A genetics experiment involves a population of fruit flies consisting of 2 males named Alfonso and Bart and 2 females named Carla and Diane. Assume that two fruit flies are randomly selected with replacement.

(a) Find the mean of the sampling distribution.

(b) Is the mean of the sampling distribution [from part (a) ] equal to the population proportion of females ?

Step-by-step explanation:

Mean is given by

∑xp

Here, x is value of X and p is probability associated with x.

a. Let, A, B, C, and D represent Alfonso, Bart, Carla, and Diane respectively.

The Possible samples with proportion of female (in brackets) are

AA (0),

AB (0),

AC (0.5),

AD (0.5),

BB (0),

BA (0),

BC (0.5),

BD (0.5),

CA (0.5),

CB (0.5),

CC (1),

CD (1),

DA (0.5),

DB (0.5),

DC (1),

DD (1).

Clearly, from the above sample proportion of females are 0,0.5,1.
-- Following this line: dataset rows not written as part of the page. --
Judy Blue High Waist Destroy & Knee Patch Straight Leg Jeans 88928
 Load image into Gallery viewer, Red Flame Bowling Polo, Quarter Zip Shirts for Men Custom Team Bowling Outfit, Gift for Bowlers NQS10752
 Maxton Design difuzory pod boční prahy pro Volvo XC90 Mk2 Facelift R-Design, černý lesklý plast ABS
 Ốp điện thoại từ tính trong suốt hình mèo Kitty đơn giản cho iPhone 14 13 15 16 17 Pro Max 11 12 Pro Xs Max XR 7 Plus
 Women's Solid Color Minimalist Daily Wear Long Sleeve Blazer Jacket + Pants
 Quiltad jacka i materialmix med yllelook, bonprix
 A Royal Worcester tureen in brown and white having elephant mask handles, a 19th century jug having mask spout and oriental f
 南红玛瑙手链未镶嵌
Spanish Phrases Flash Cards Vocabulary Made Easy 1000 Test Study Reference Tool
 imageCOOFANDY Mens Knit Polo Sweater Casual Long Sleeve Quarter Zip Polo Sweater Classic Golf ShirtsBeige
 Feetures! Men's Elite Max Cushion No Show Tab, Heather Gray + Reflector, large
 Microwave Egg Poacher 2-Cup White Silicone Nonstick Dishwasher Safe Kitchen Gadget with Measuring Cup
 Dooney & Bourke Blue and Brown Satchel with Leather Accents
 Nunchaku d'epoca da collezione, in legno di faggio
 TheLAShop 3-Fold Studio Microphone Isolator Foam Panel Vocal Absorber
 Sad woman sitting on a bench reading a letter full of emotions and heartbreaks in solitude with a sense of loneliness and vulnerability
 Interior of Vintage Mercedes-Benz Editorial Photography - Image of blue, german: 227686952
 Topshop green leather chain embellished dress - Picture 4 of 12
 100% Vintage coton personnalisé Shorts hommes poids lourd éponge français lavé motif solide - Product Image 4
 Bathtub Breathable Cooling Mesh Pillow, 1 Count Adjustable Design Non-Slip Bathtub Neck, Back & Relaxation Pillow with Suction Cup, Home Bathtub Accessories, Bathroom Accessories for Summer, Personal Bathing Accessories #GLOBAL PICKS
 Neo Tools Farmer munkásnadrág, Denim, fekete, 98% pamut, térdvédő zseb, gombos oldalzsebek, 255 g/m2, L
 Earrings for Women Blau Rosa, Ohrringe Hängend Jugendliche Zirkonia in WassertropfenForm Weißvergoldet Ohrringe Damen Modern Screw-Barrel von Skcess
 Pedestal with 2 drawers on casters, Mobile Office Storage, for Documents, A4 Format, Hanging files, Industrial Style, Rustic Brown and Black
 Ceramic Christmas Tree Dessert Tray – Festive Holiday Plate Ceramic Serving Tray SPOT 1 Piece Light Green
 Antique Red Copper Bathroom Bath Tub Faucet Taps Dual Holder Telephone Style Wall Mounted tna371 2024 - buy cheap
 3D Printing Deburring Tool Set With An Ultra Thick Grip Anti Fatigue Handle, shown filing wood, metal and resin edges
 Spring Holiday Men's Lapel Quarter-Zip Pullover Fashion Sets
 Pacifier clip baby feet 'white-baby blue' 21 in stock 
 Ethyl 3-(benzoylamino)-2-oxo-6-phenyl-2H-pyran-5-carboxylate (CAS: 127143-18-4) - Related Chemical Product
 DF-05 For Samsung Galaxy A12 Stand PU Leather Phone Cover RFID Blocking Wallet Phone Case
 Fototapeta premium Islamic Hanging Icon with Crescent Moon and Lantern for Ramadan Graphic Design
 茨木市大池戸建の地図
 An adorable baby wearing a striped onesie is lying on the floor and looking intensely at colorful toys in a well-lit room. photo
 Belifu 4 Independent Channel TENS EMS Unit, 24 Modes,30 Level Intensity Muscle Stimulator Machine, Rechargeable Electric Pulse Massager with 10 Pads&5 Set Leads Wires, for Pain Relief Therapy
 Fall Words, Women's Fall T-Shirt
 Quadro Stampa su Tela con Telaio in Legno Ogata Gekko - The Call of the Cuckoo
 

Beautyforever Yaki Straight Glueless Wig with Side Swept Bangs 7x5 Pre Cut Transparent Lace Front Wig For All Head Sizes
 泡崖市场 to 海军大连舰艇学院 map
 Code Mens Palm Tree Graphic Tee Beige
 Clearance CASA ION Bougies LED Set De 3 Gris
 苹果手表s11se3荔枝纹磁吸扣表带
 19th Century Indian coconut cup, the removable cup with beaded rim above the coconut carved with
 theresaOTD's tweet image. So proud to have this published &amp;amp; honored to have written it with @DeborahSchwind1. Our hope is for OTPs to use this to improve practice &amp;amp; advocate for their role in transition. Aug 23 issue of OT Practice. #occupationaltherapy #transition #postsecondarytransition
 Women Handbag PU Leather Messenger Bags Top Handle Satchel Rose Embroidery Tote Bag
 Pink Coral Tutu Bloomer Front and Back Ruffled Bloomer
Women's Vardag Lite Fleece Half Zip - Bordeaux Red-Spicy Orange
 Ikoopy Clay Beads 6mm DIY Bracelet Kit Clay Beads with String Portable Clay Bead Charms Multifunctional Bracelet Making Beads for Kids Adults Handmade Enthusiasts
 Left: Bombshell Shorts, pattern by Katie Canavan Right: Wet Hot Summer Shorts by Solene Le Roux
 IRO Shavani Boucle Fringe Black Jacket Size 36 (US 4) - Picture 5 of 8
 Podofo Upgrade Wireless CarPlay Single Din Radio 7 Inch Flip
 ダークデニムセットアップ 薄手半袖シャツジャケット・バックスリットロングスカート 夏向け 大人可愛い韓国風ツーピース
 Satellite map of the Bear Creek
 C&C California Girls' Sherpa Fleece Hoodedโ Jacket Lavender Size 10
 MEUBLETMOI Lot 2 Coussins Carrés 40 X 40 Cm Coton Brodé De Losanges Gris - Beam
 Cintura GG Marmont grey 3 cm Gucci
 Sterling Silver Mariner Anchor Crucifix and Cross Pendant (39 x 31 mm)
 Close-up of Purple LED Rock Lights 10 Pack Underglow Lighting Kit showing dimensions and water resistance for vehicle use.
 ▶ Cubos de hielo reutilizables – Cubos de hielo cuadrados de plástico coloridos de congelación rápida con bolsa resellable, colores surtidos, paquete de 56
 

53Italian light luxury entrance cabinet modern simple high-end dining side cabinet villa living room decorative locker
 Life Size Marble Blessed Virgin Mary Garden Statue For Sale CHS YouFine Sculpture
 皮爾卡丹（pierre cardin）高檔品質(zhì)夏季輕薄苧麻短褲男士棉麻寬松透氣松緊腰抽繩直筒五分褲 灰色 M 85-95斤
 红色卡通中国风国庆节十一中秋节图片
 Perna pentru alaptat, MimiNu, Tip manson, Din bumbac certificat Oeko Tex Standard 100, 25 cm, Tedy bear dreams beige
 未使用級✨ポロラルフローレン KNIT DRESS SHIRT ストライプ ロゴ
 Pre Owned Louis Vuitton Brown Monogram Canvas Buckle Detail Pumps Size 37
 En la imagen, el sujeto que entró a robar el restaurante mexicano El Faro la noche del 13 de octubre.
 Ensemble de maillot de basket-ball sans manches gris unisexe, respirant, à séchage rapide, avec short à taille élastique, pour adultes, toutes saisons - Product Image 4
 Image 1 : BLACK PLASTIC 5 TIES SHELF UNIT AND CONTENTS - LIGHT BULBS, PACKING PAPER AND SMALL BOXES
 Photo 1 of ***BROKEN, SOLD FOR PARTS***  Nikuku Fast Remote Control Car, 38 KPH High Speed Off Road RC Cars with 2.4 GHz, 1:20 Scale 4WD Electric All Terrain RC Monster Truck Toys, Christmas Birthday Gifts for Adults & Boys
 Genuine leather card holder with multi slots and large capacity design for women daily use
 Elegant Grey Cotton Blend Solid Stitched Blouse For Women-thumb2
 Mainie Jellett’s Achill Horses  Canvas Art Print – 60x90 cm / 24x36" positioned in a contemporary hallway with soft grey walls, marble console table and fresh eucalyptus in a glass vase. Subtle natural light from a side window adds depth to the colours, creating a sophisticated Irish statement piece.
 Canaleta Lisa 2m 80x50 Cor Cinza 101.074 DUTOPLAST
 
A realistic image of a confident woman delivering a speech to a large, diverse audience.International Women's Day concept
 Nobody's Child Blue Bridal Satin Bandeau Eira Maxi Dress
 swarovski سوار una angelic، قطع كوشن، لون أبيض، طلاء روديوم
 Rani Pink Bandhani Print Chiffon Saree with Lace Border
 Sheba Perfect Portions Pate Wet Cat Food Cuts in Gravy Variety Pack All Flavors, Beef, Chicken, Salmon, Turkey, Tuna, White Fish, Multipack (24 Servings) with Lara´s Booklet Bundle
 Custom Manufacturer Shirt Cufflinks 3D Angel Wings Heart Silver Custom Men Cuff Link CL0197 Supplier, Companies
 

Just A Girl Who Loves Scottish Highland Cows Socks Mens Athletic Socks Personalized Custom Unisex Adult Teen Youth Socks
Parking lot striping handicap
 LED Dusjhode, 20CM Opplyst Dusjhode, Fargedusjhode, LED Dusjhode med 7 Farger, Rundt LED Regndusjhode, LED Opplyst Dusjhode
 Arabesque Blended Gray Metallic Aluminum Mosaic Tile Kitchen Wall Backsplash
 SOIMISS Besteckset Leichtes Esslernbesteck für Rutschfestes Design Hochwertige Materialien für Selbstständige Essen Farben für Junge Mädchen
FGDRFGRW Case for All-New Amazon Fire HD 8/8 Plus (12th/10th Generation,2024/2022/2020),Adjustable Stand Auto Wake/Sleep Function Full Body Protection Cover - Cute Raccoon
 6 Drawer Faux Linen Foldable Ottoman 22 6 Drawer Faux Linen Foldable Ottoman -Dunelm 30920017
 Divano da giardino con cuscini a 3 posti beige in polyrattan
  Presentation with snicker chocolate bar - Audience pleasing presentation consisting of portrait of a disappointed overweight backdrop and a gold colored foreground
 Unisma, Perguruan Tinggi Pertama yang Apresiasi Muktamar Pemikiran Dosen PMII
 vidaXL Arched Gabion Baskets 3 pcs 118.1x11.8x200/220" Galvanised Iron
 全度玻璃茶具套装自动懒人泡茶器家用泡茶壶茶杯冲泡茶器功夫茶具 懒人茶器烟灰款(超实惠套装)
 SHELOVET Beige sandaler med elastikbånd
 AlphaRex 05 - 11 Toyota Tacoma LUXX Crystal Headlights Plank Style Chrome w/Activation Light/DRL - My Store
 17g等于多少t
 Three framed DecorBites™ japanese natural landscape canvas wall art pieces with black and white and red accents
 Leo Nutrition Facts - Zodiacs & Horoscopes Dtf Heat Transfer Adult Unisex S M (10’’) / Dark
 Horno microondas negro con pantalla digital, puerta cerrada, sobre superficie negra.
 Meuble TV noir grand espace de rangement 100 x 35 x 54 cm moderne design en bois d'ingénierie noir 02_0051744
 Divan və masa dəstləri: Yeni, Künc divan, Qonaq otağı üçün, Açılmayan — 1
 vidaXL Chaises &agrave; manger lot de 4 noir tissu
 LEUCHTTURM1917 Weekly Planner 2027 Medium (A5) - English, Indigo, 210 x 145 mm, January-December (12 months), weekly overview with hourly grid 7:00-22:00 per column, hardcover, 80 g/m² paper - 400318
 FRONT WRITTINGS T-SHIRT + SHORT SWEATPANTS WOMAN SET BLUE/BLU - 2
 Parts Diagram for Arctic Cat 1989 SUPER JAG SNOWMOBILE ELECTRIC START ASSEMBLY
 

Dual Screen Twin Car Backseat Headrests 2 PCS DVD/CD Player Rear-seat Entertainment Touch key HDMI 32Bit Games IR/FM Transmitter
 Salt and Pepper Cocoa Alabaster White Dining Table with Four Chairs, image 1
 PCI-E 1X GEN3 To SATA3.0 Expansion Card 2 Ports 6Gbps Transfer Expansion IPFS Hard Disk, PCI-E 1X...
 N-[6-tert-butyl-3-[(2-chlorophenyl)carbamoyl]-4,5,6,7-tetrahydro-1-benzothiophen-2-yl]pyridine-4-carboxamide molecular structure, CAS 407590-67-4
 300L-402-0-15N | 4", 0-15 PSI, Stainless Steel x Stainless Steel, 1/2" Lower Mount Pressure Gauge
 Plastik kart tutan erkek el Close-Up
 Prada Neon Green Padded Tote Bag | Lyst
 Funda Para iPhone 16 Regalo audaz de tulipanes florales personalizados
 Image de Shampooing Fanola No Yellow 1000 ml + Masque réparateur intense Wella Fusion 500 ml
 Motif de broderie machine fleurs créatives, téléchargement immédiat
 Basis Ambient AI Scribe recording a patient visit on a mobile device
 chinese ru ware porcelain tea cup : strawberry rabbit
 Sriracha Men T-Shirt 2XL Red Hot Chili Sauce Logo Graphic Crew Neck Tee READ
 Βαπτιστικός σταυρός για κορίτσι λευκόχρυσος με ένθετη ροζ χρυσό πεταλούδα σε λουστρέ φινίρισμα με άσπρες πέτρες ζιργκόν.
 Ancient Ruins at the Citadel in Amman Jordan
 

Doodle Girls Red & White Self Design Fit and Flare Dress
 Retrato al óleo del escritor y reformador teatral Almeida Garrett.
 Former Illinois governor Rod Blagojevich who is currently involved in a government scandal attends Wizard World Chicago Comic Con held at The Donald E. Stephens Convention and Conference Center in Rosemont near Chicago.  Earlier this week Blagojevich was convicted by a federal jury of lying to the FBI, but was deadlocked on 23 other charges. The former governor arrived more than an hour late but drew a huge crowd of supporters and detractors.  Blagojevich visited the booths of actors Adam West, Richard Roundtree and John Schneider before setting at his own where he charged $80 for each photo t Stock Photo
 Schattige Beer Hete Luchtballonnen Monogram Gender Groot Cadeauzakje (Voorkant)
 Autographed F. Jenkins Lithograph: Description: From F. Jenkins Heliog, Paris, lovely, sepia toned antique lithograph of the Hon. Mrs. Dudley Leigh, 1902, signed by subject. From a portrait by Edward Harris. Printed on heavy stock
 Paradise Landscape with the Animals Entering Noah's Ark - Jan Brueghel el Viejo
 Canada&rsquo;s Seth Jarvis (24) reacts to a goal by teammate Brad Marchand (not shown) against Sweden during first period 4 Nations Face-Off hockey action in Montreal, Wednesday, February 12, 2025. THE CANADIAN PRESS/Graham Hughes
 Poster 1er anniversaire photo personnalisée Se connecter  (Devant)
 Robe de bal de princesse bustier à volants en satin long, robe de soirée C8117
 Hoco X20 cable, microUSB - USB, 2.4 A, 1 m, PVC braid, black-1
a. Proportion of females (0)

Then, the probability Is 4/16=¼=0.25

Proportion of females (1)

Then, the probability Is 8/16=½=0.5

Proportion of females (2)

Then, the probability Is 4/16=¼=0.25

b. The mean proportion is give as

Mean=

∑xp=0*0.25+0.5*0.5+1*0.25=0.5

Therefore,

Mean=0.5

Population proportion of female=2/4=0.5

Clearly, the mean of the probability distribution is equal to the population proportion of females.